High-end French fashion house Lanvin will ditch professional models in favour of "real" people in its Autumn/Winter 2012 advertising campaign.
The move is an attempt by the luxury brand to make its products more accessible.
"I was interested to bring these clothes back to the street somehow, and see them on different ages, different sizes," Lanvin's creative director, Alber Elbaz, told Women's Wear Daily.
The company is jumping on a trend started by on-the-street fashion reporters like Bill Cunningham of the New York Times and Scott Schuman of The Sartorialist.
"Models are a blank canvas to project style on to, but these are people you would sit with at a party and get to know," Melanie Rickey, editor at large at Italian fashion magazine Grazia, said.
Lanvin's newest models range in age from 16 to 82, and include a waiter, a milliner and a recent US immigrant, Women's Wear Daily said. The oldest, Jackquie Tajah Murdock, is a former dancer and administrative assistant.
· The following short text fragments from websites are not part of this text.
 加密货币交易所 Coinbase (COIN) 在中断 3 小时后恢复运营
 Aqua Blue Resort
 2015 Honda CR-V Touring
Ari Seth Cohen, a blogger for Advanced Style who helped cast Lanvin's campaign, discovered the stylish octogenarian walking through New York's Greenwich Village last year.
"I'm still attractive, I still perform and lecture. So why not?" Murdock told the Daily Beast.
Lanvin's men's and women's ad campaigns will appear in magazines from September.
The fashion house will release an internet video about the campaign's models on August 21.